= Francis Knollys (MP, died 1754) =

British Tory politician (c. 1697–1754)

Francis Knollys (c. 1697–1754) of Thame, Oxfordshire. and Lower Winchendon, Buckinghamshire was a British Tory politician who sat in the House of Commons from 1722 to 1734.

Knollys was the eldest son of Francis Knollys, MP of Lower Winchendon and his wife Elizabeth Striblehill, daughter of John Striblehill of Thame, Oxfordshire. He succeeded his father at the age of 4 in 1701. He was educated at Thame Grammar School and matriculated at Hart Hall, Oxford on 7 April 1714, aged 16.

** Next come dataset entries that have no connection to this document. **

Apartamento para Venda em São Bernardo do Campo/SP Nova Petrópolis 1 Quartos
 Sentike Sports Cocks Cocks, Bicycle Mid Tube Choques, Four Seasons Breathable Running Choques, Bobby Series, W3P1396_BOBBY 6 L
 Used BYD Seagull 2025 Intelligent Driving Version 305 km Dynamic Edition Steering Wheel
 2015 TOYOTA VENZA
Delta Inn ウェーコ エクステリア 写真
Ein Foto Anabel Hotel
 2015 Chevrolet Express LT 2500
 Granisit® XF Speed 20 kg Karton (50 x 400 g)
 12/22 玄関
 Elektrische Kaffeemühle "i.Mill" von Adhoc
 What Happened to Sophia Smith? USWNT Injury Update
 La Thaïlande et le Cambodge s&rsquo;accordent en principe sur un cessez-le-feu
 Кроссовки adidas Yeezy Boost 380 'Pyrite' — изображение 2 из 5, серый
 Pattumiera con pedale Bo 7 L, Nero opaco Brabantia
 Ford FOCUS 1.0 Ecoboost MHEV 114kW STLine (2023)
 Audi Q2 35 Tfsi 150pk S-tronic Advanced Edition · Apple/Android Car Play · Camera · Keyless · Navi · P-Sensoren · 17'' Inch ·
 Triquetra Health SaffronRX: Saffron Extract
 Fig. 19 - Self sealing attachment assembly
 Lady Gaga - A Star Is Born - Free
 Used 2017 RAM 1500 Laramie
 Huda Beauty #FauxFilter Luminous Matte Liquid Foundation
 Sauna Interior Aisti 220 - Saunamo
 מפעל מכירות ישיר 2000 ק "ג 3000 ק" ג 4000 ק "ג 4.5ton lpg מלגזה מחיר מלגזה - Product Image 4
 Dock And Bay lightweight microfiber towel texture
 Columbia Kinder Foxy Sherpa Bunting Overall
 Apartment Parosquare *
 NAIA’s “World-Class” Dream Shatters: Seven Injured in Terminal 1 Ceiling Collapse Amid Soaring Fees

Knollys was returned as a Tory Member of Parliament for Oxford at a by-election on 24 October 1722 on the interest of Thomas Rowney, to whom he was related. He was returned unopposed again at the 1727 general election. In March 1733, he was taken into custody by the serjeant-at-arms as he was one of the defaulters on the call of the House on 13 March 1733. His only recorded vote was against the Excise Bill immediately after his release from custody He did not stand at the 1734 general election.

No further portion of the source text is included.